Some of my work on geology differentiation

Geology differentiation has been an important component of my research work. Below I provide an example of my recent work on geology differentiation. This work has been published in Interpretation as an open-access article (so anyone can download it!). You can access this article from this webpage.

Figure 1: (a) The airborne gravity gradiometry data (Gzz) after terrain correction using a density value of 2.4 g/cm3. (b) The airborne magnetic TMI data after regional field removal. Data were collected over the northeast Iowa and southeast Minnesota border, and are publicly available at this USGS webpage. (Sun et al., 2020)

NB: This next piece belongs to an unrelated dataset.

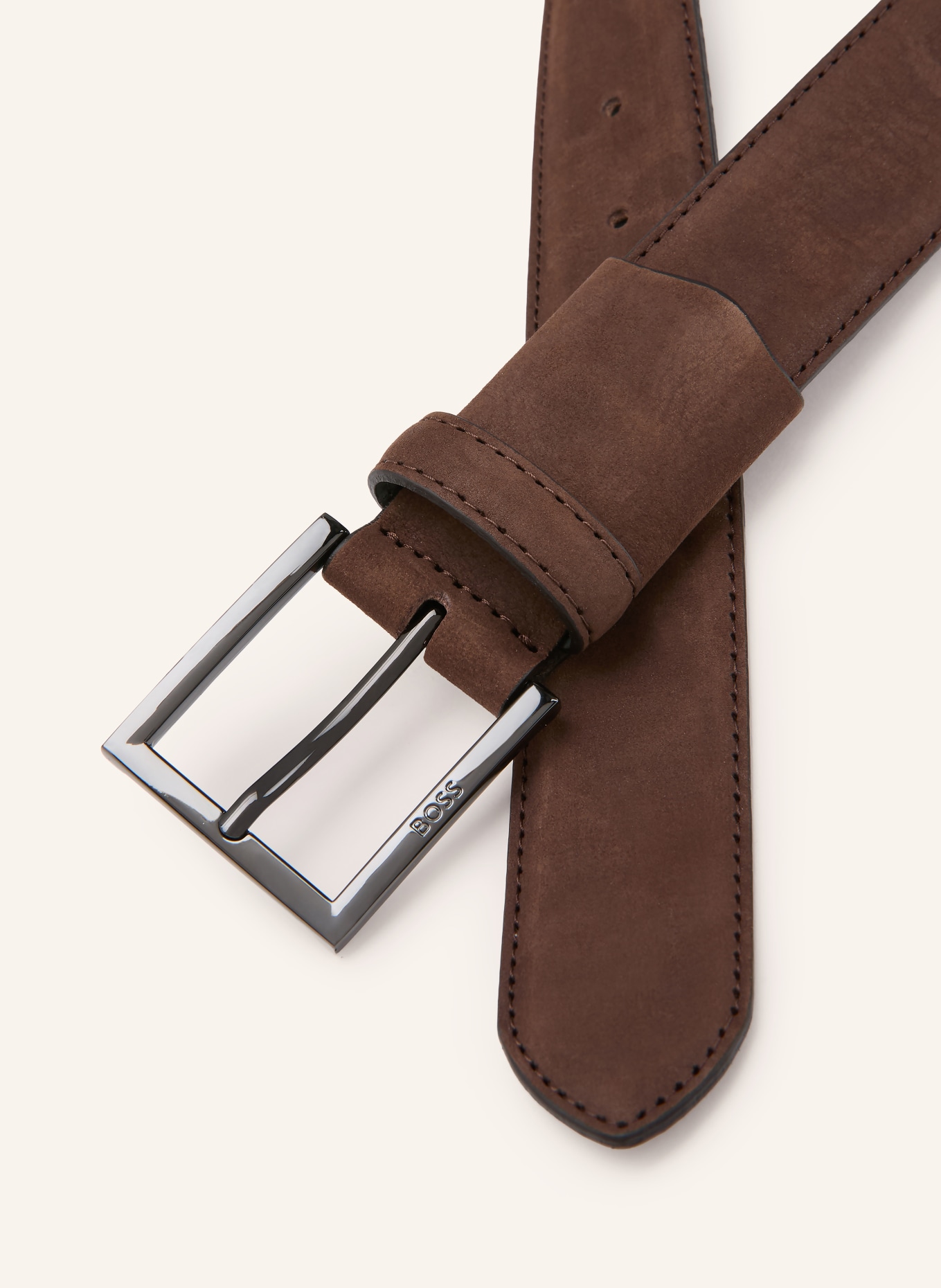 BOSS DRESSLETIC leather belt: DARK BROWN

We have performed a separate 3D inversion of Gzz data and a separate 3D inversion of magnetic data and ended with a density model and a susceptibility model. We have also carried out a Joint inversion of both data sets and ended up with another set of jointly inverted density and susceptibility models. Therefore, we have obtained two pairs of density and susceptibility models, one from separate inversions and the other from joint inversion. Figures 2 and 3 below show the separately inverted physical property models in 3D.

Figure 2: The recovered density contrast model from a separate inversion of Gzz data shown in Figure 1(a).

Figure 3: The recovered susceptibility model from a separate inversion of magnetic data shown in Figure 1(b).

Based on the recovered physical property models obtained above, we have cross-plotted the inverted values and performed a classification based on (1) the natural groupings observed in the crossplot, (2) available geology information and (3) prior work by Drenth et al. (2015).

Figure 4: Classification results on top of the scatterplot of separately inverted density contrast and susceptibility values. Each black point corresponds to one pair of density contrast and susceptibility values at one model cell overlain by the classification (indicated by the polygons of different colors).

Figure 5: Differentiation results based on jointly inverted density contrast and susceptibility values.

With the above classification results in crossplots, we can now map them back to 3D spatial domain and visualize them in 3D. The third column in Figure 6 shows our final quasi-geology model in 3D (based on separate inversions). The different colors represent different geological units that we have identified based on geophysical inversions, prior geology information and previous researchers' work. The 3D quasi-geology model shows the spatial distribution of various geological units and is a better representation of the subsurface geology than the geophysical models shown in the first and second columns in Figure 6.

Figure 6: A 3D separately inverted susceptibility, density contrast, and quasi-geology model of the study area at (a) 180 m, (b) 1250 m, showing the high-susceptibility anomaly of class 3 by the white ellipse, (c) 4500 m, showing the high-susceptibility anomaly of class 7 by the pink ellipse, and (d) 6700 depths.

In our work (Sun et al., 2020), we have also investigated what additional information joint inversion can provide. Figure 7 summarizes the new geological units that we have managed to identify based on the jointly inverted density and susceptibility models.

Figure 7: A 3D view of the newly identified subclasses based on joint inversion results.

In his Master's thesis, my student Jae Deok Kim took a similar approach but extended it to a much larger regional scale mineral exploration project. He inverted airborne gravity and magnetic data over an area of 46,500 square km in British Columbia, built a 3D quasi-geology model and identified a few prospective exploration regions. His thesis can be accessed here via Texas Digital Library.